Diğer önemli bir konu, tesisin ağır hasarlı olduğu ve acilen yıkılması gerektiğine dair yapılan açıklamalar. Bu yapılan ön inceleme tamamen gözlemsel olarak binanın taşıyıcı sistemindeki hasarlara göre verilir. Gözlemsel inceleme bina hakkında önbilgi verir. Binanın kesin hasar durumu taşıyıcı elemanlarından alınacak numunelere bağlı olarak yapılacak bilimsel teknik hesaplamalar sonucunda ortaya çıkacaktır. Şu aşamada binanın acil yıkılması gerektiğini gösteren herhangi bir rapor meslek kuruluşları olarak bize ulaşmamış veya kamuoyuna yansımamıştır. Adli ve idari soruşturma tamamlanmadan, söz konusu tesisin yıkım talebi ancak ve ancak delillerin karartılması ya da daha da vahimi sigorta ve benzeri yükümlülüklerden tazmin hesabı yapılmasından başka bir şey değildir. Bina bulunduğu konum gereği münferit bir halde, gerekli tedbirler alındığı takdirde herhangi bir yaşamı riske sokacak durumda değildir. Tüm inceleme ve soruşturma süreci bittikten sonra, riskler göz önünde bulundurulduğunda yıkımına ilişkin bir itiraz elbette geliştirilmeyecektir.

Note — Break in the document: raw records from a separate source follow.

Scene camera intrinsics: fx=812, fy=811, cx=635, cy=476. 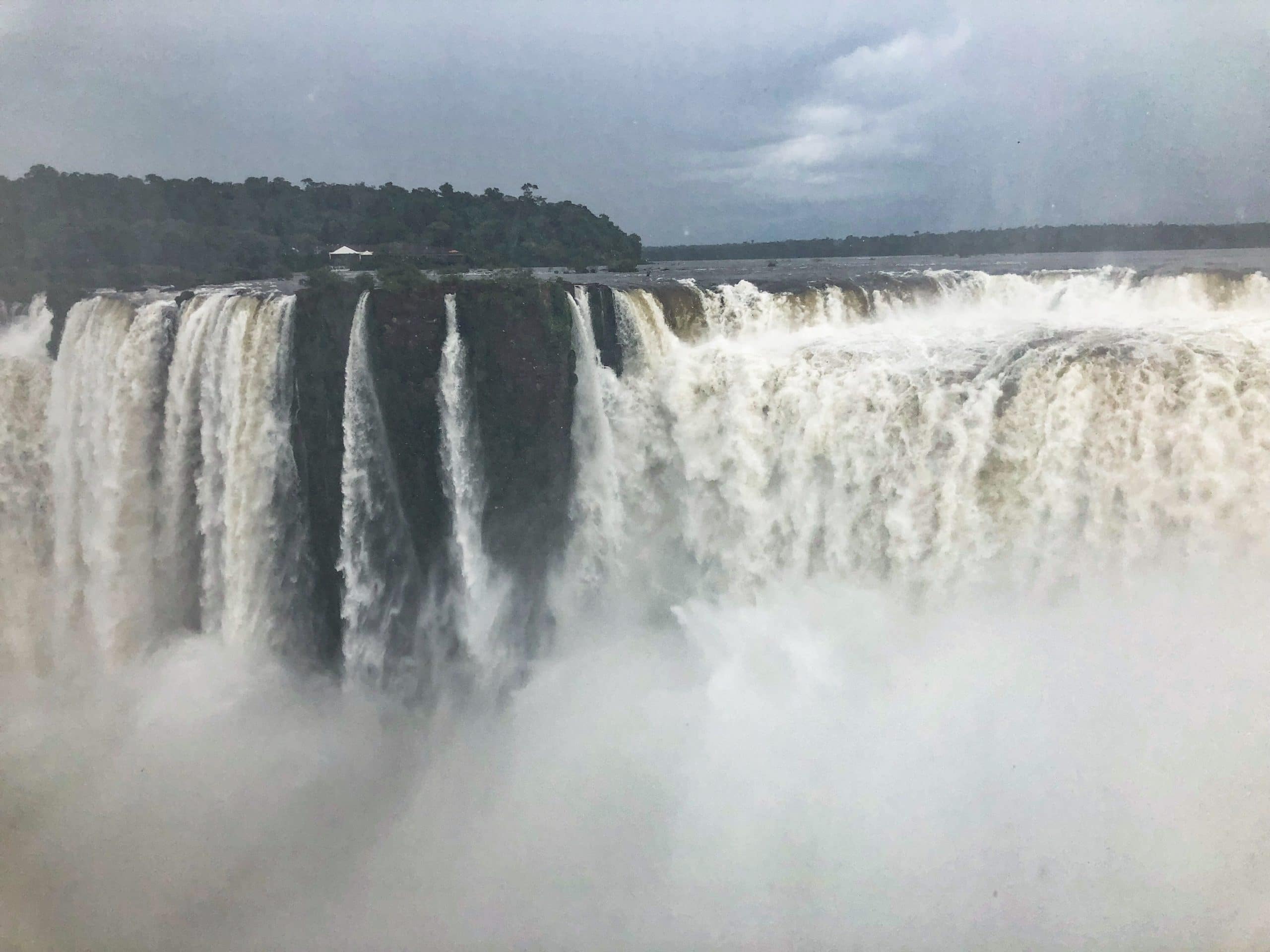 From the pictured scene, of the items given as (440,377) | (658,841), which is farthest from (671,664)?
(440,377)

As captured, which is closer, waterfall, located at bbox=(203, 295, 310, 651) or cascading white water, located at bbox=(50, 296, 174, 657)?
waterfall, located at bbox=(203, 295, 310, 651)

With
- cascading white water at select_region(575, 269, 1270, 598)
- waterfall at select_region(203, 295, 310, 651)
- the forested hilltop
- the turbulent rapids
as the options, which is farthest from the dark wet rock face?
the forested hilltop

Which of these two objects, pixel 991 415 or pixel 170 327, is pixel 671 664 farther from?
pixel 170 327

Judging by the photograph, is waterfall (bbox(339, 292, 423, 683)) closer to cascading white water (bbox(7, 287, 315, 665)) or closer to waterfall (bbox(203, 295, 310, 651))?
waterfall (bbox(203, 295, 310, 651))

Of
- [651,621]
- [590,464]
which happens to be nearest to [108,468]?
[590,464]

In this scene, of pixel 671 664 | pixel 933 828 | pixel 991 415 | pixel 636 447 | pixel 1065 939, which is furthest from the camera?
pixel 636 447

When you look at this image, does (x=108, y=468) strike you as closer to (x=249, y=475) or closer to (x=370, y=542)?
(x=249, y=475)

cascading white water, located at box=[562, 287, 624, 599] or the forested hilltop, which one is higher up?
the forested hilltop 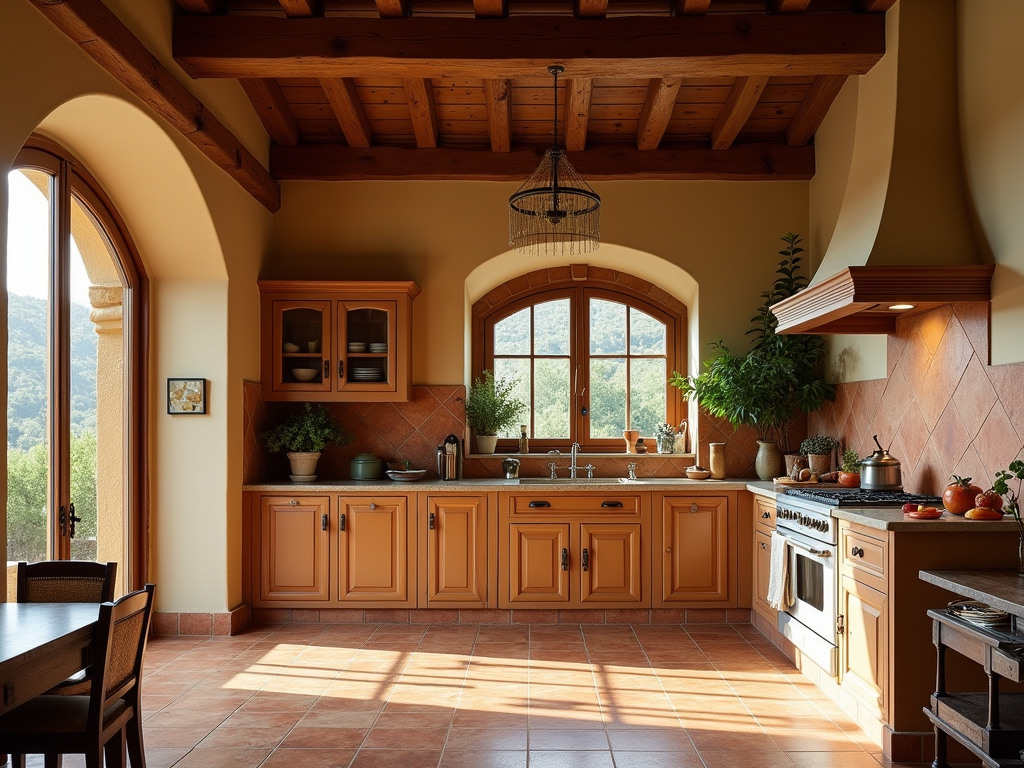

Ana muhalefet lideri ve çeşitli basın kuruluşları aracılığıyla bilirkişi ön raporu olarak teknik inceleme sonuçları kamuoyu ile paylaşıldı. Adalet Bakanı tarafından “korsan” rapor olarak nitelendirilen bu belgede, yaşanan katliamın tüm sorumluları ve kusurluları, teknik eksiklikleriyle ifade edilmiş durumda. Diğer taraftan yerel yönetim temsilcisi söz konusu raporun hazırlanmasına katkı sunan bilirkişilerin görevden el çektirildiğini, tehdit edildiğini savunuyor. Adalet Bakanı da “korsan” olarak nitelendirdiği bu raporu, konusunda daha uzman bilirkişilerle olayı neticelendirmek istediklerini söylüyor.
Yıllardır yaşadığımız katliamlardan öğrendiğimiz temel gerçeklik, Adalet Bakanı’nın samimi olmadığıdır. Bilim ve tekniği, adaleti, hukuku önceleyen bir anlayışın yönettiği sürecin içerisinde olsaydık, makul değerlendirmeler yapabilirdik. Ama geldiğimiz noktada belki Adalet Bakanlığı’na bağlı bir genel müdür eliyle bilirkişi heyeti gerçek olmayan bir nedene tabi tutularak, rapor hazırlaması istendi. Bu baskıya tenezzül etmeyen ahlaklı insanların onayı olmadı. Ama bu bilirkişilerin hazırladığı rapor gözaltı süreleri dolmakta olan insanları tutuklamak için kullanıldı. Elbette tüm bunların hepsi iç acıtıcı iddia. Adalet Bakanlığı nezdinde sürecin teknik üniversiteler eliyle soruşturulması talebi altında yatan da başka bir gerçek. Esas gerçeklik ne şekilde kamuoyuna yansıtılır bilemiyoruz. Ama üç bakanlık tarif etmiştim az önce sorumluluk sahibi. Yaşananlardan öğrendiğim kadarıyla artık Adalet Bakanı da sorumludur! Katledildiğimiz bir coğrafyanın ikameti değilse istediğimiz, ucuz ölümler ülkesi olmak değilse tahayyülümüz hesap sorulması gereken merciler gayet berrak ve açıktır.
ARKASINDA KİMLER VAR
Bu faciayı konuşurken, olayın perde arkasını görmezden gelmemeliyiz. Kartalkaya’daki devasa tesislerin arkasında kimlerin olduğunu sorgulamak zorundayız. Turizmden gelecek dövizin cazibesi, doğanın dengesini altüst eden projelere onay verilmesine kim nasıl neden oldu? Kim bilir, belki de birilerinin banka hesapları kabarsın diye, bugün yarısına yakını çocuk 78 yurttaşımızın tabutları omuzlarımızda.
Üzgünüz, öfkeliyiz! Bu memleketi sermayenin kâr hırsına, muktedirlerin koltuk savaşlarına terk etmemeye kararlıyız.
Düşlerimiz güzel insanların eliyle kuruldu, yaşatmak hepimizin elinde! Gerçeği toplumsallaştıracak, doğruyu savunacak, yaşam için örgütlenecek, mücadele edeceğiz.